J'attendis que ma mère me grondât et me demandât de sortir pour pouvoir dire enfin du monstre : « et lui, qu'est-ce qu'il fait là ? » mais les choses ne se passèrent pas ainsi. Ma mère n'eut pas le temps de réagir que le monstre avait déjà mis un bandeau sur ses yeux et un bâillon sur sa bouche, après m'avoir adressé un sourire narquois. Et moi, j'étais épouvantée.

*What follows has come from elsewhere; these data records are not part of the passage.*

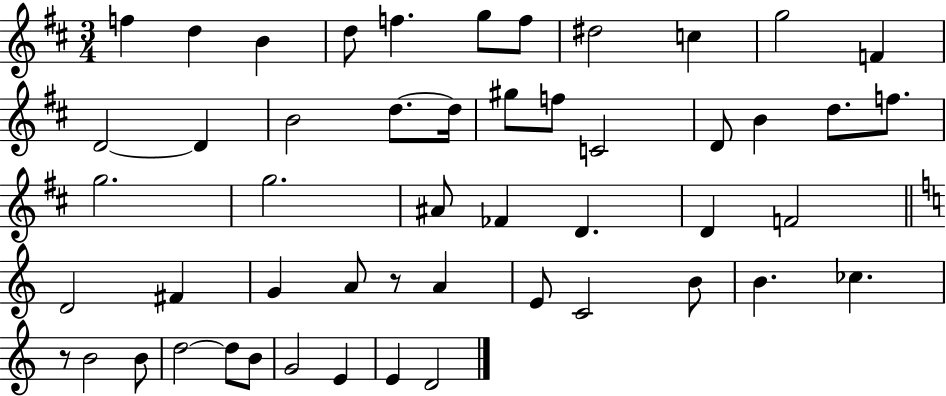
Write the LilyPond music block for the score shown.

{
  \clef treble
  \numericTimeSignature
  \time 3/4
  \key d \major
  f''4 d''4 b'4 | d''8 f''4. g''8 f''8 | dis''2 c''4 | g''2 f'4 | \break d'2~~ d'4 | b'2 d''8.~~ d''16 | gis''8 f''8 c'2 | d'8 b'4 d''8. f''8. | \break g''2. | g''2. | ais'8 fes'4 d'4. | d'4 f'2 | \break \bar "||" \break \key a \minor d'2 fis'4 | g'4 a'8 r8 a'4 | e'8 c'2 b'8 | b'4. ces''4. | \break r8 b'2 b'8 | d''2~~ d''8 b'8 | g'2 e'4 | e'4 d'2 | \break \bar "|."
}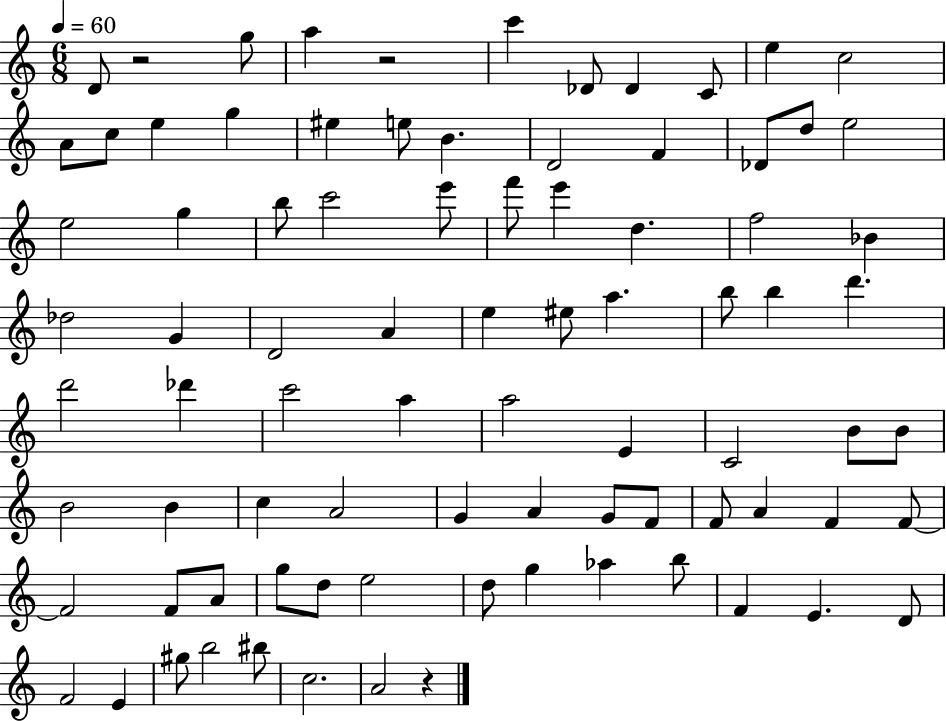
X:1
T:Untitled
M:6/8
L:1/4
K:C
D/2 z2 g/2 a z2 c' _D/2 _D C/2 e c2 A/2 c/2 e g ^e e/2 B D2 F _D/2 d/2 e2 e2 g b/2 c'2 e'/2 f'/2 e' d f2 _B _d2 G D2 A e ^e/2 a b/2 b d' d'2 _d' c'2 a a2 E C2 B/2 B/2 B2 B c A2 G A G/2 F/2 F/2 A F F/2 F2 F/2 A/2 g/2 d/2 e2 d/2 g _a b/2 F E D/2 F2 E ^g/2 b2 ^b/2 c2 A2 z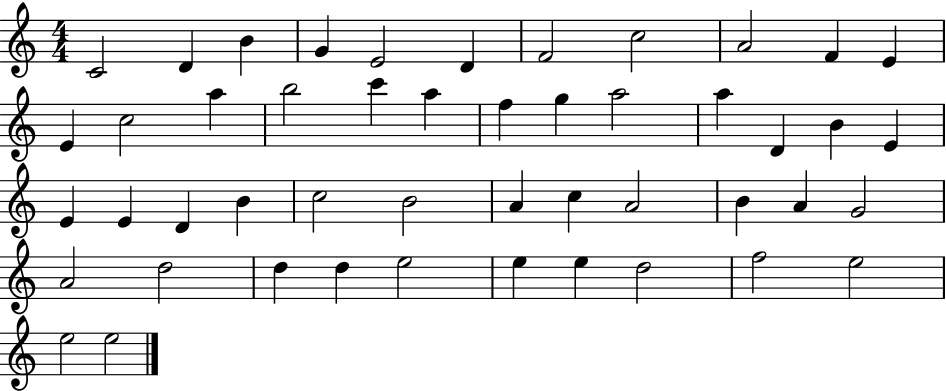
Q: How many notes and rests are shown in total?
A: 48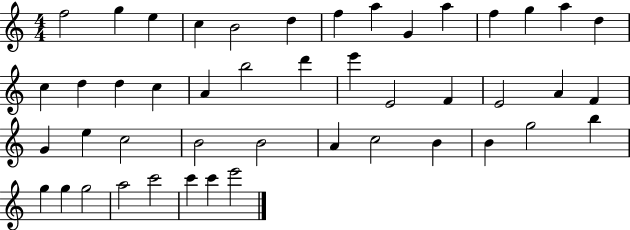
{
  \clef treble
  \numericTimeSignature
  \time 4/4
  \key c \major
  f''2 g''4 e''4 | c''4 b'2 d''4 | f''4 a''4 g'4 a''4 | f''4 g''4 a''4 d''4 | \break c''4 d''4 d''4 c''4 | a'4 b''2 d'''4 | e'''4 e'2 f'4 | e'2 a'4 f'4 | \break g'4 e''4 c''2 | b'2 b'2 | a'4 c''2 b'4 | b'4 g''2 b''4 | \break g''4 g''4 g''2 | a''2 c'''2 | c'''4 c'''4 e'''2 | \bar "|."
}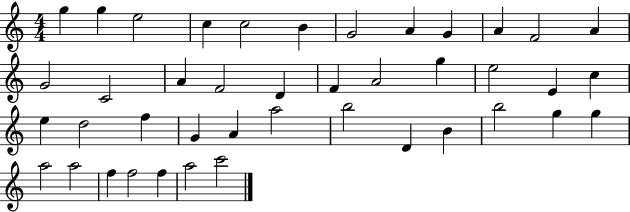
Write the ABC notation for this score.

X:1
T:Untitled
M:4/4
L:1/4
K:C
g g e2 c c2 B G2 A G A F2 A G2 C2 A F2 D F A2 g e2 E c e d2 f G A a2 b2 D B b2 g g a2 a2 f f2 f a2 c'2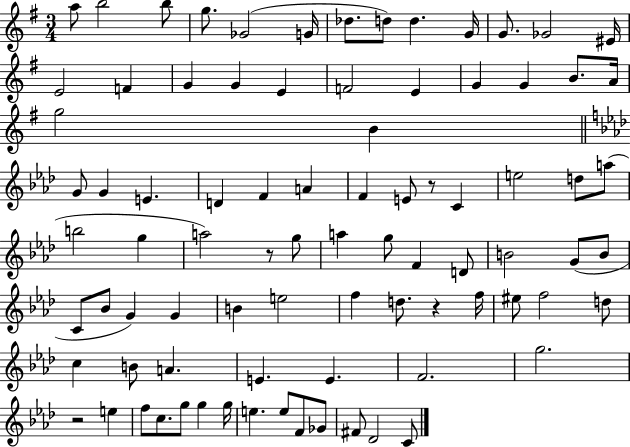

Je savais bien que, dans la réalité, quand on a un bandeau sur les yeux, on ne peut plus rien voir du tout et qu'on sait que c'est le bandeau qui empêche la vision. Je savais aussi très bien que, dans la réalité, quand on a un bâillon sur la bouche, on ne peut plus rien dire du tout, à part « mmm... mmm... ». Dans la réalité, en jouant avec mon grand frère et ma grande sœur, il était déjà arrivé qu'il me missent une écharpe sur les yeux en guise de bandeau ou sur la bouche en guise de bâillon. Alors, je savais ce que c'était.

Dans mon cauchemar, quand ces objets furent posés sur les yeux et la bouche de ma mère, il devinrent invisibles. Alors, elle me regarda en souriant et me dit d'une voix douce et réjouie :

« Tu as vu cette magnifique journée que nous avons ? Ouvre donc les volets, pour que nous profitions de ce beau rayon de soleil ! »

Quoi ?! Quelle importance, le temps qu'il fait, quand on est en plein cauchemar ? Et depuis quand y avait-il du soleil dans mes rêves nocturnes ? Qu'est-ce qu'il faisait là ? Et puis, cette façon de parler, ce n'était pas ma mère. En plus, dans la réalité, elle m'avait toujours interdit d'ouvrir les volets, sous prétexte qu'elle avait peur que je tombasse par la fenêtre. Devais–je obéir quand même ?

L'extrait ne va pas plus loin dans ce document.